The avatar SDK had three commands for what the figure said and none for what it heard. The bug was already inside the shape of the API.

Pen-and-ink illustration: an antique candlestick telephone in dense crosshatch, the speaking horn fully detailed and the listening cup conspicuously absent — the bracket is there, the cord descends, but the earpiece itself is simply not.

The /build/ page had a row of buttons. Not navigation. Starter buttons — each one a prompt, a topic, a signal of intent. Click "Add an avatar to my site," allow the microphone, and the avatar was supposed to appear and open the walkthrough without making you repeat yourself. The button encoded the question. The session would carry it. The avatar would begin.

Instead, the avatar appeared, said the greeting, and went silent. Not an error. Not a crash. Just — the avatar, waiting, as if it were your turn.

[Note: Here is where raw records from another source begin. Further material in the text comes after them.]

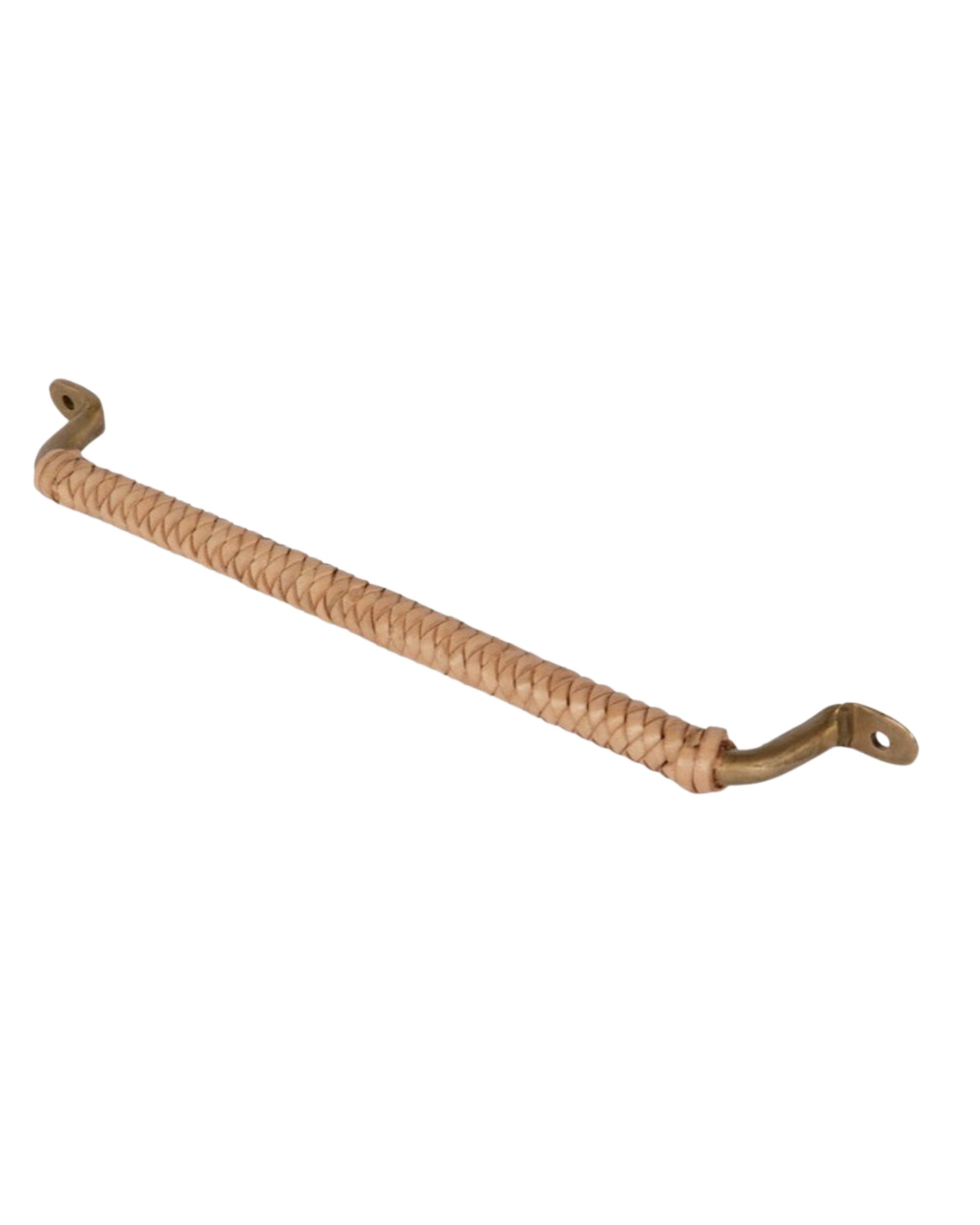 The CUTTER PULL by Society Ink features a braided tan leather handle with brass metal ends, showcasing exquisite leather braiding, designed for attachment and elegantly resting against a plain white background.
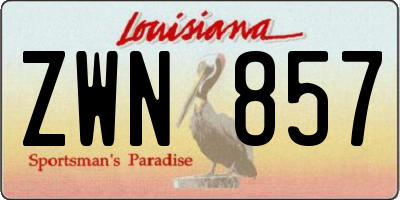 LA license plate ZWN857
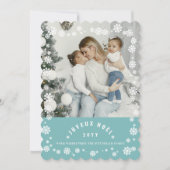 Winter Sneeuwvlokken Joyeux Noel Kerstmis Chique F Feestdagenkaart (Voorkant)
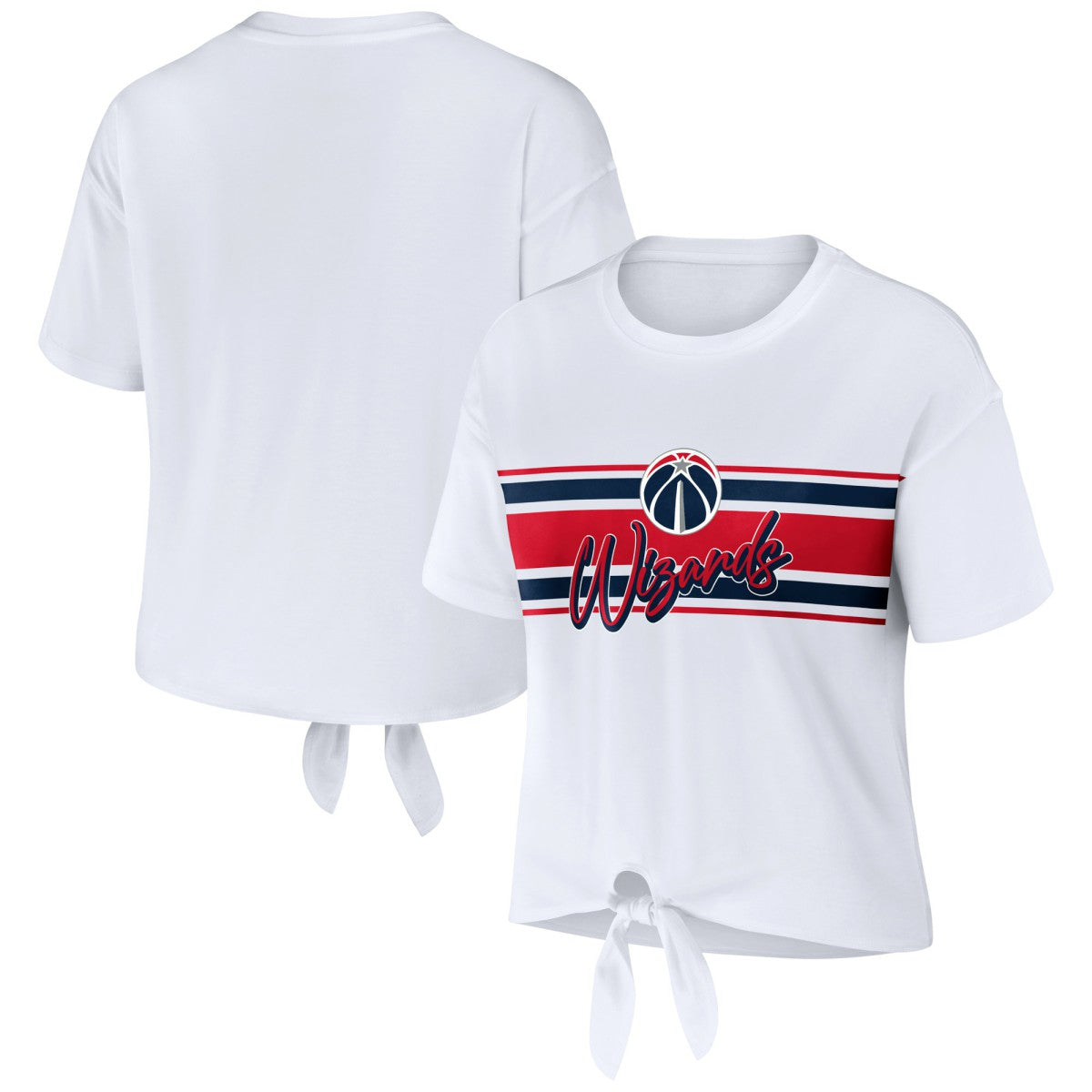 NBA - Washington Wizards WEAR by Erin Andrews Women's Tie-Front T-Shirt - White
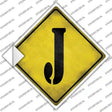 Letter J Xing Novelty Diamond Sticker Decal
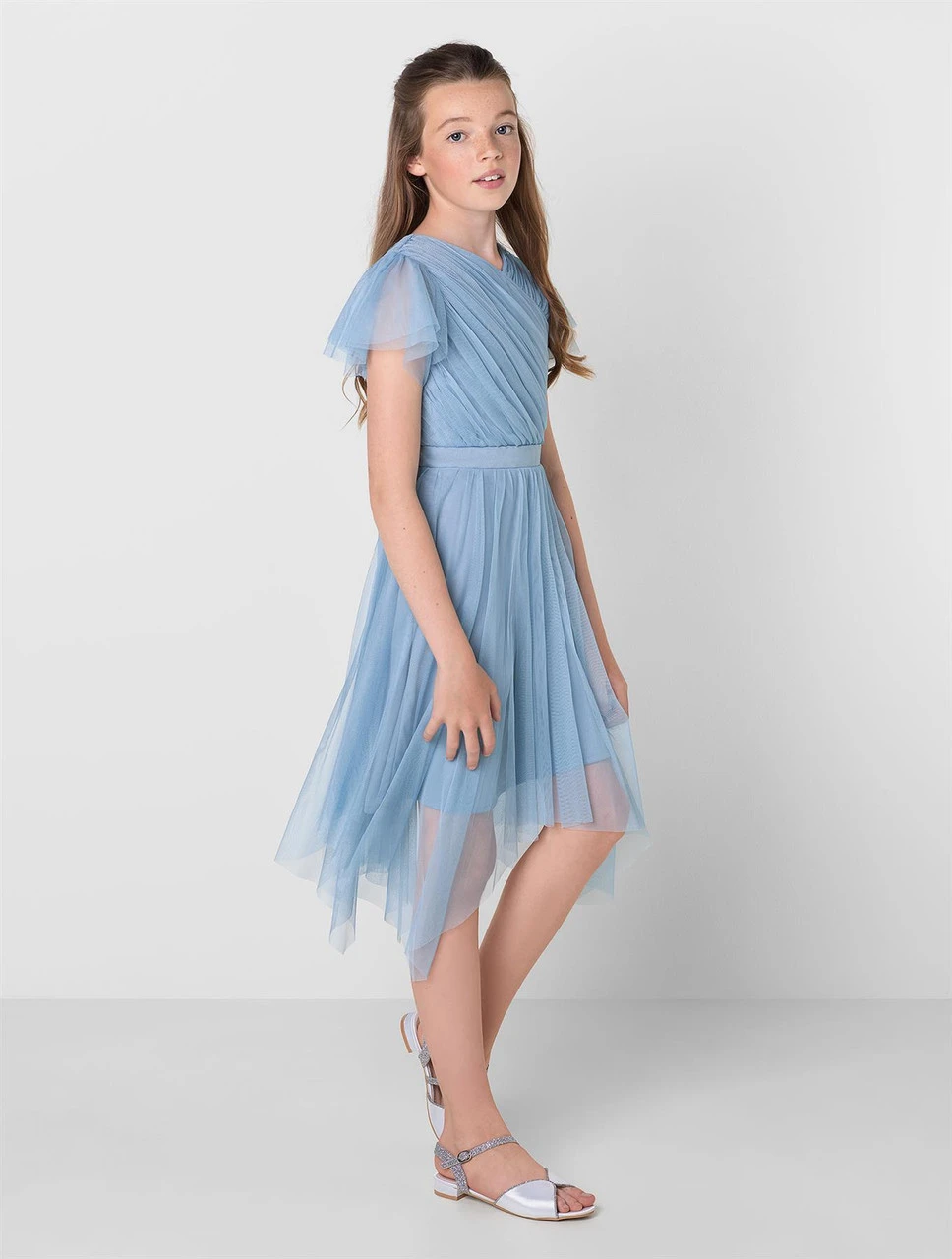 Sustainable Cornflower Blue Flower Girls Dress - Sophie 4 Sustainable Cornflower Blue Flower Girls Dress - Sophie - Image 2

A different user every time, and every time the same pause. The kind of pause that teaches a visitor what the page actually does, as opposed to what it was supposed to do.

The code that looked correct

The sequence in the page's JavaScript read plausibly enough. After the session connected, the code called session.message(prompt), where prompt was the text from whichever starter button the user had clicked. session.message appeared in the SDK's autocomplete. It accepted a string. It existed. The inference — that it sent the string to the agent as a user turn — was not an unreasonable inference. A method named message on a conversational session object: what else would it do.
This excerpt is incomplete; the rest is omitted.